Supplied entries Start Marker

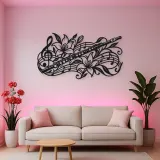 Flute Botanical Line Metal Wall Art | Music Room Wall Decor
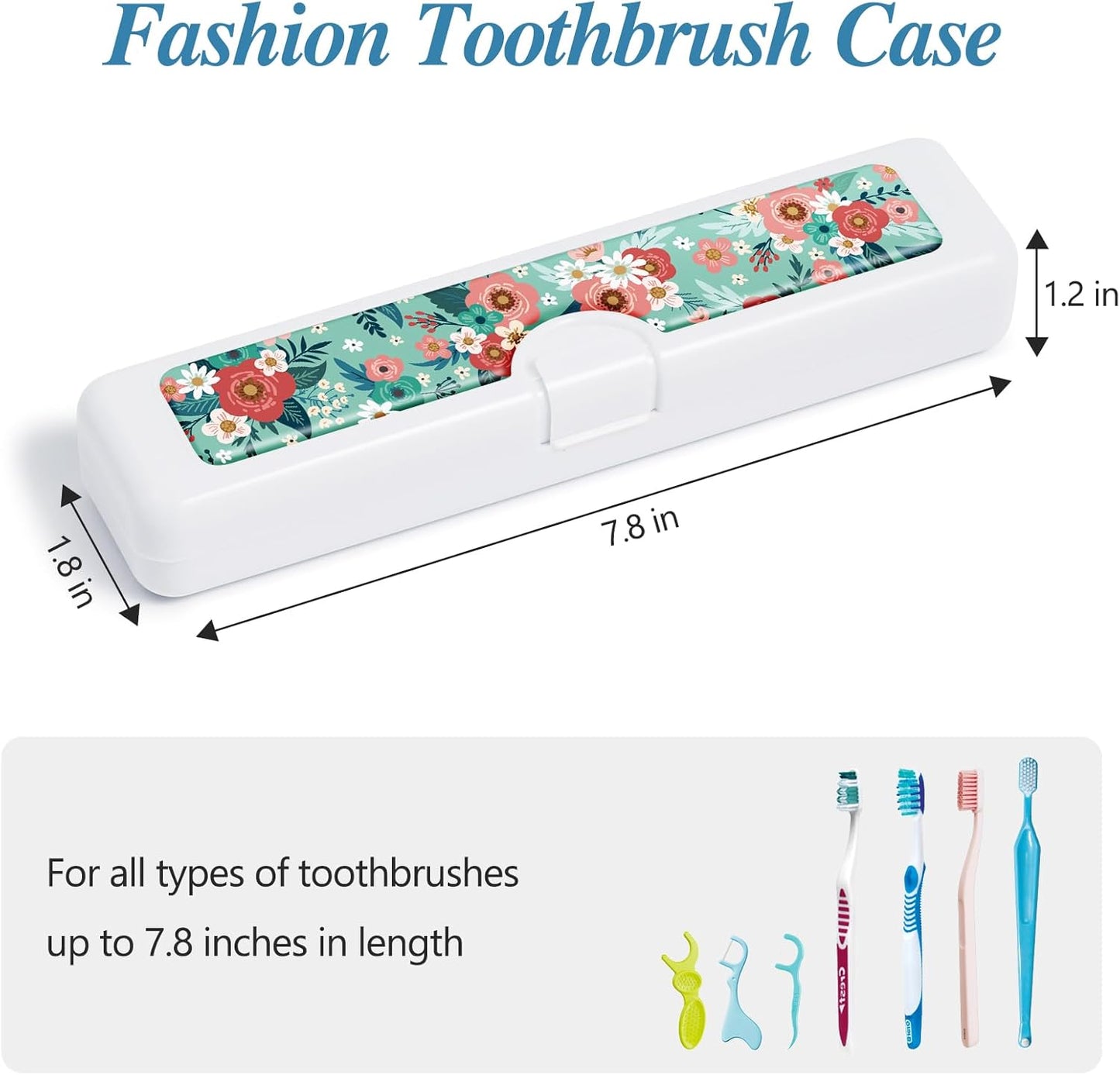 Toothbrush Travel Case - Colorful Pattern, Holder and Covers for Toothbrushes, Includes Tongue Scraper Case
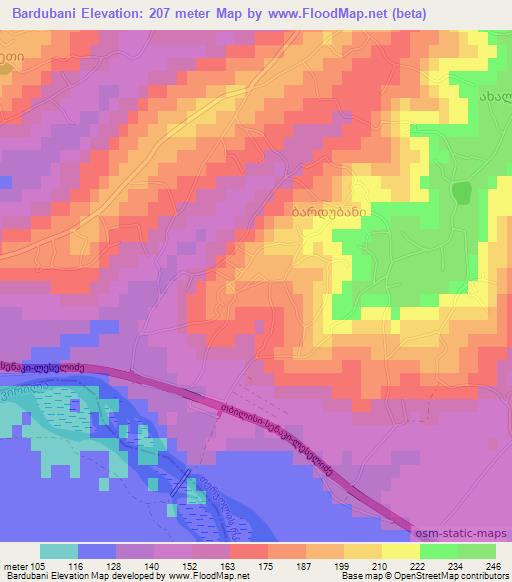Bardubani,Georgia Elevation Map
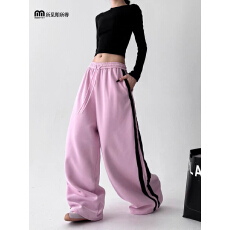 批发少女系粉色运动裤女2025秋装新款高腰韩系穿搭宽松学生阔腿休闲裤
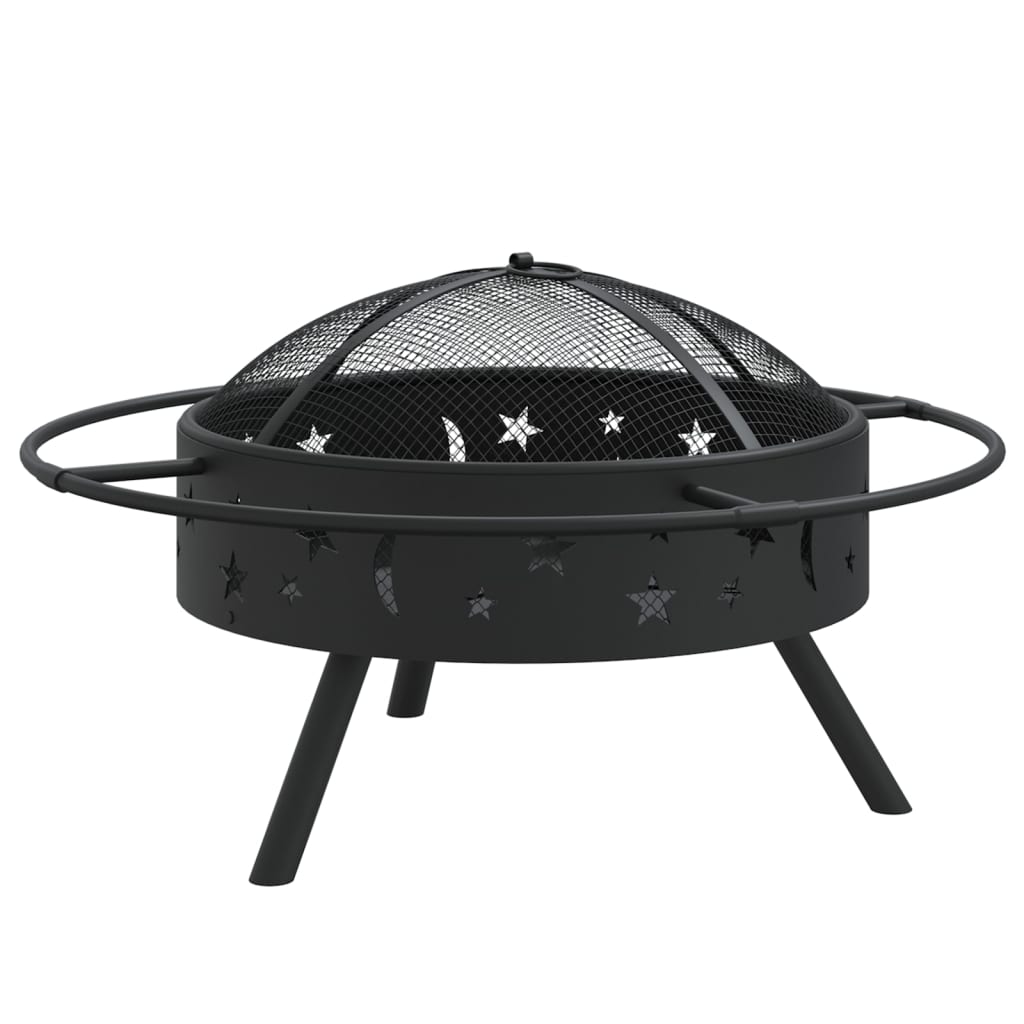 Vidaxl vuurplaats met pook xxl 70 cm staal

Supplied entries End Marker
Supplied entries Start Marker

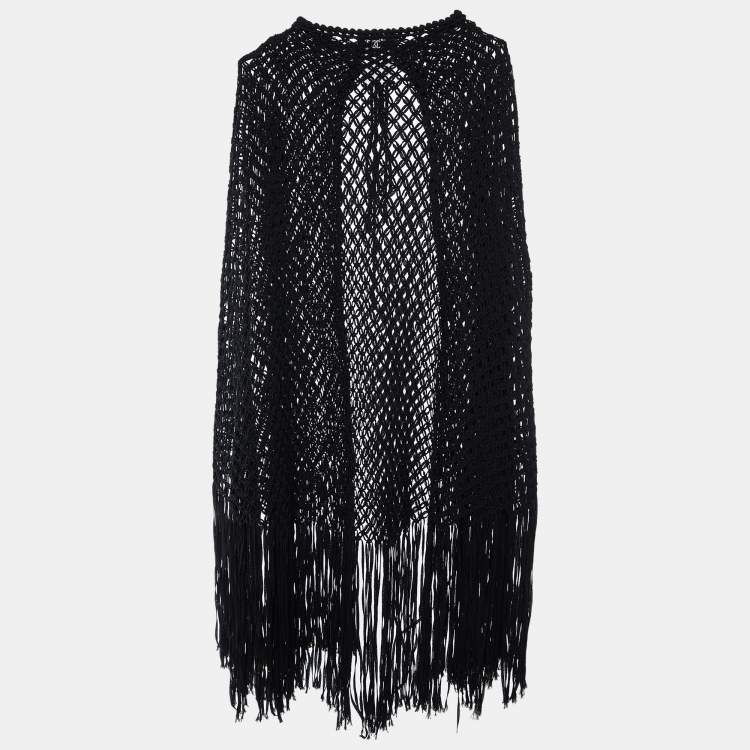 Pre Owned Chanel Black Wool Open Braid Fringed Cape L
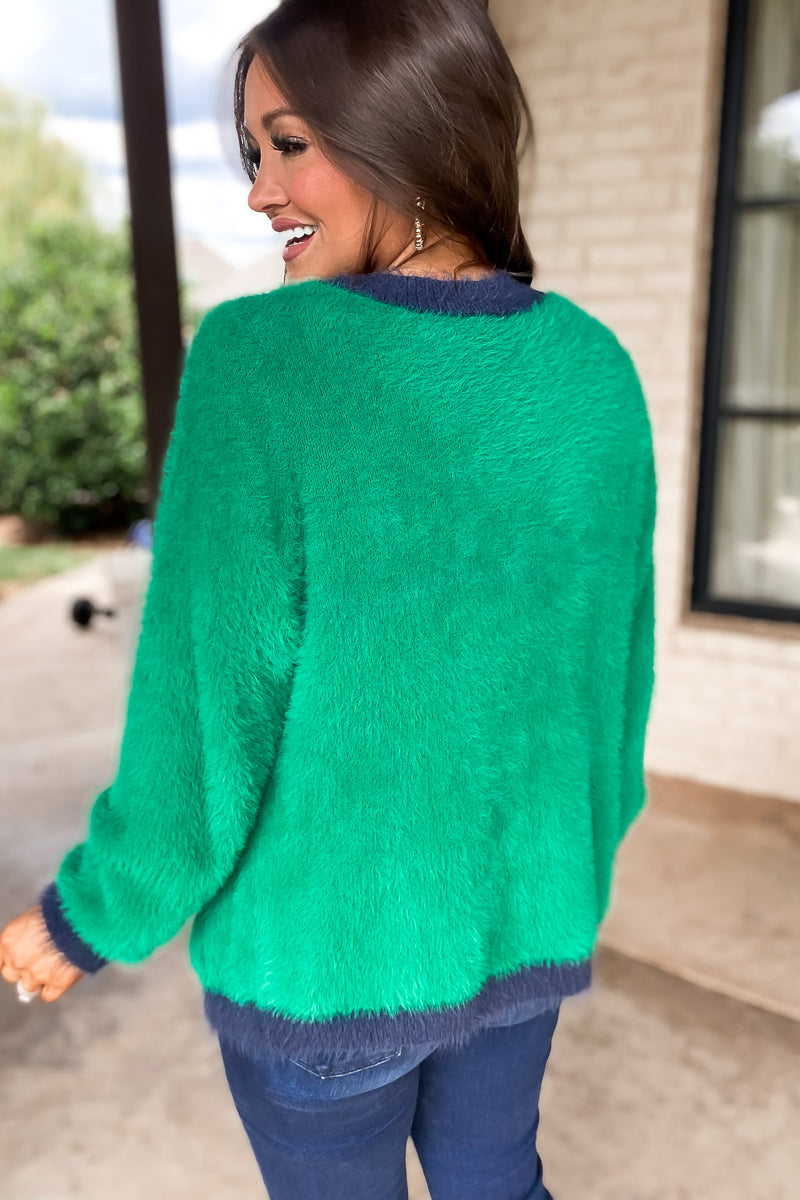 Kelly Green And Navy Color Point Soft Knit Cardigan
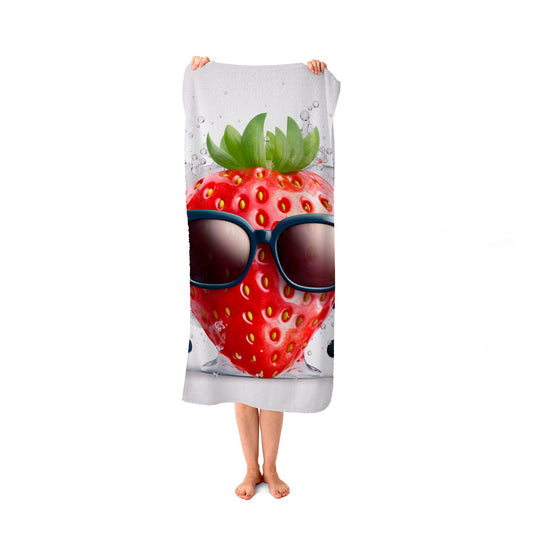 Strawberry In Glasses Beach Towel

Supplied entries End Marker
Supplied entries Start Marker

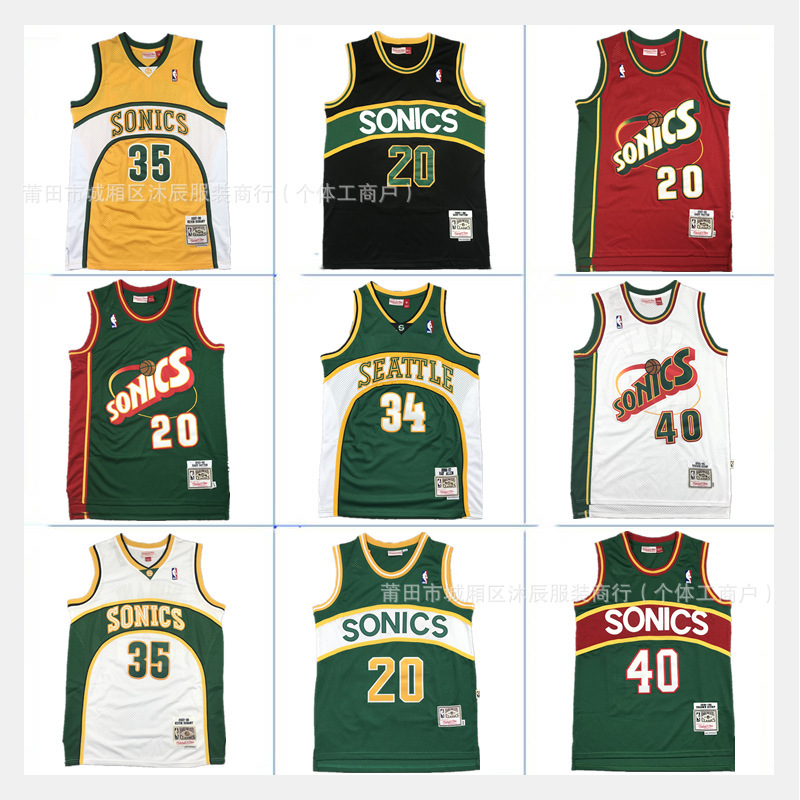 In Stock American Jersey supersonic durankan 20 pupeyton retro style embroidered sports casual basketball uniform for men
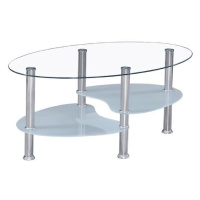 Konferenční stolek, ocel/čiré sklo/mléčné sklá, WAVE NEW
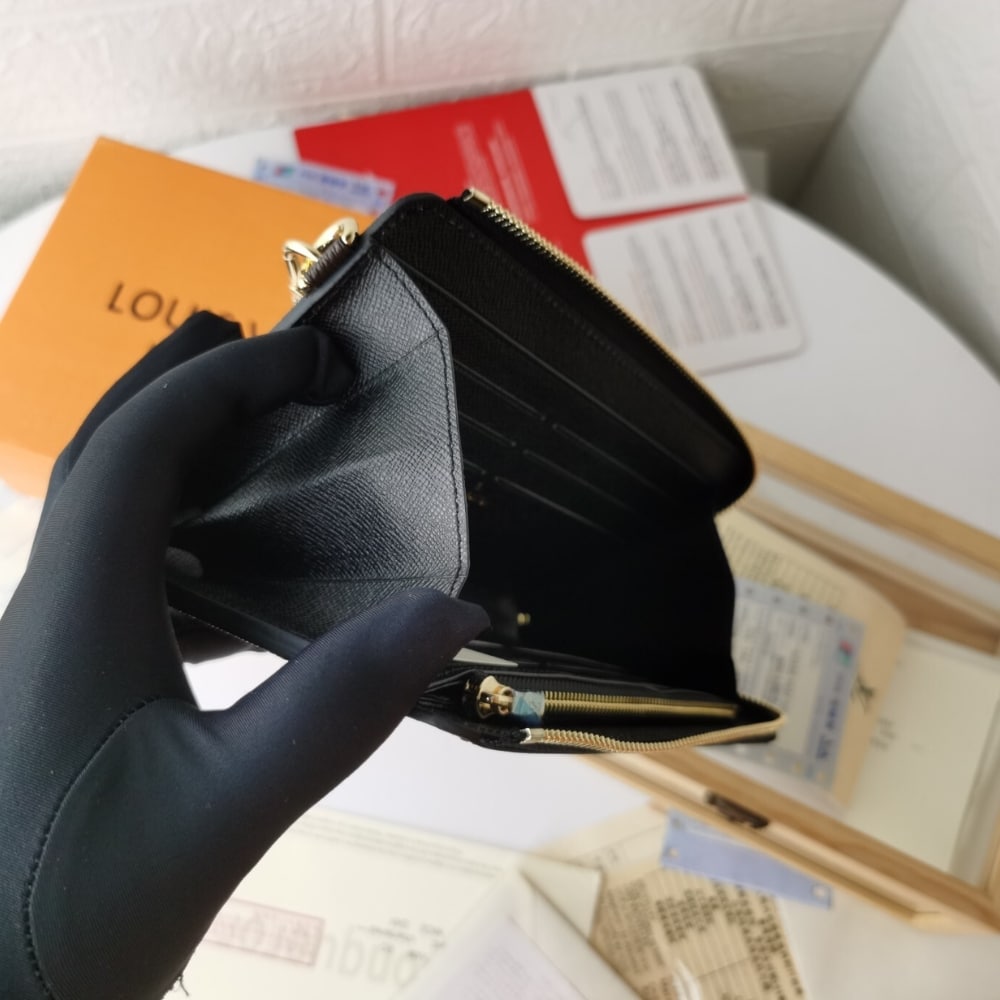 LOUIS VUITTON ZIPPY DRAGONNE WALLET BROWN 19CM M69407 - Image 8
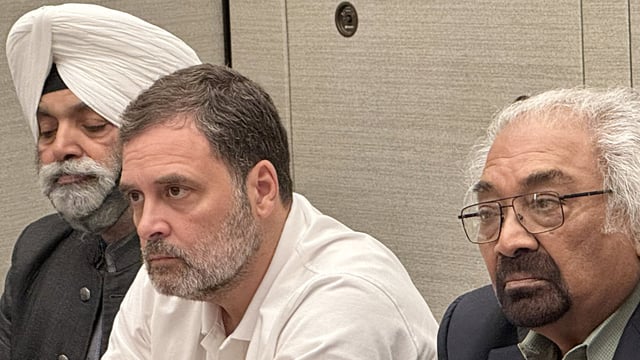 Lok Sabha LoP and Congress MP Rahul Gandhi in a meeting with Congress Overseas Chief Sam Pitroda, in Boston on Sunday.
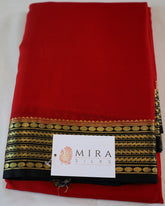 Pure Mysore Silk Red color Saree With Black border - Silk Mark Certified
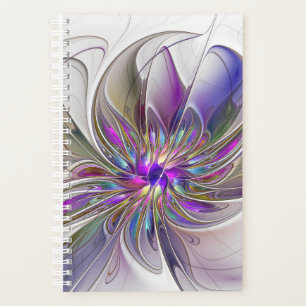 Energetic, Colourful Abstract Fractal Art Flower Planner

Supplied entries End Marker

#### Exercise objective:
Using the entries above, extract exactly the lines from the one that contains "Pre Owned Chanel" through the one that contains "Strawberry In Glasses Beach Towel". Do not carry over any pictures.

#### Finished task:
 Pre Owned Chanel Black Wool Open Braid Fringed Cape L
 Kelly Green And Navy Color Point Soft Knit Cardigan
 Strawberry In Glasses Beach Towel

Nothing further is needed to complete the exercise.